Partido de Abiy Ahmed obtém vitória esmagadora em eleições marcadas por conflitos e repressão

Com quase 90% das cadeiras, o Partido da Prosperidade reforça o controle do primeiro-ministro etíope, enquanto a oposição denuncia fraude e a instabilidade regional se agrava.

A Comissão Eleitoral Nacional da Etiópia anunciou neste domingo que o Partido da Prosperidade (PP), do primeiro-ministro Abiy Ahmed, conquistou 438 dos 501 assentos declarados na Câmara dos Representantes do Povo, correspondendo a cerca de 90% das cadeiras disputadas nas legislativas de 1.º de junho. O resultado, amplamente antecipado, garante a recondução de Abiy para um novo mandato de cinco anos quando o Parlamento se reunir em outubro. As eleições realizaram-se num contexto de forte insegurança: 143 assembleias de voto não chegaram a abrir devido a confrontos armados, e a região setentrional do Tigré, palco de uma guerra civil que fez centenas de milhares de mortos entre 2020 e 2022, foi excluída do escrutínio pela segunda vez consecutiva, deixando 38 círculos eleitorais sem representação federal.

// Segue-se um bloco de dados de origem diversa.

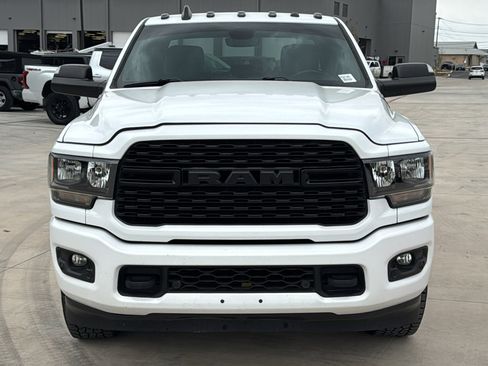 Used 2022 RAM 2500 Lone Star w/ Night Edition image 2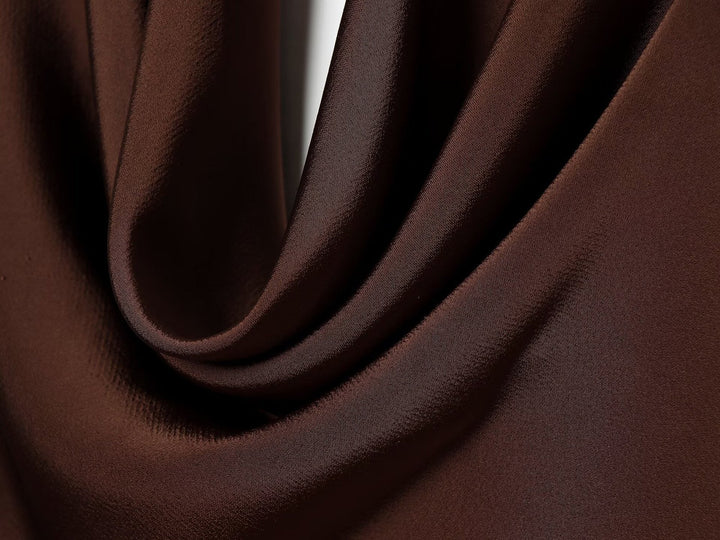 Satin dress with open back and tie design – Lily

A oposição e organizações de direitos humanos denunciam que o pleito decorreu num clima de medo e intimidação, sem caráter livre e equitativo. O dirigente oposicionista Merara Gudina qualificou a votação de «farsa» e afirmou que o resultado agravará a já «deteriorada estabilidade do país». Yitayal Assefa, candidato derrotado do Partido da Unidade de Toda a Etiópia, declarou à Associated Press que os adversários foram assediados e que «nunca tiveram hipóteses». A missão de observação da União Africana, embora confinada maioritariamente a Adis Abeba, contribuiu para uma aparência de legitimidade internacional, mas foi criticada por não ter mobilizado efetivos suficientes no terreno. As autoridades eleitorais, por seu lado, sustentam ter mantido «neutralidade institucional».

A vitória de Abiy surge num momento de aguda fragmentação interna e de tensões regionais renovadas. As milícias nacionalistas Fano, na região de Amara, e o Exército de Libertação Oromo, em Oromia, rejeitaram o processo eleitoral e prosseguem os ataques contra as forças federais. A guerra no Tigré, que terminou com um acordo de paz em novembro de 2022, continua a projetar incerteza: o governo federal e o partido dominante tigréano (TPLF) trocam acusações de violação do cessar-fogo, enquanto a vizinha Eritreia, outrora aliada de Adis Abeba, alinha-se agora com as forças tigréanas, elevando o risco de um novo conflito armado. A disputa pelo acesso ao mar Vermelho, ambição manifestada por Abiy desde a independência da Eritreia em 1993, adensa o ambiente de hostilidade bilateral. Para além disso, somam-se relatos de envolvimento etíope na guerra civil sudanesa, o que, segundo analistas de segurança como Cameron Hudson, ex-funcionário do Departamento de Estado dos EUA, cria «um coquetel tóxico com potencial de alastrar pela região».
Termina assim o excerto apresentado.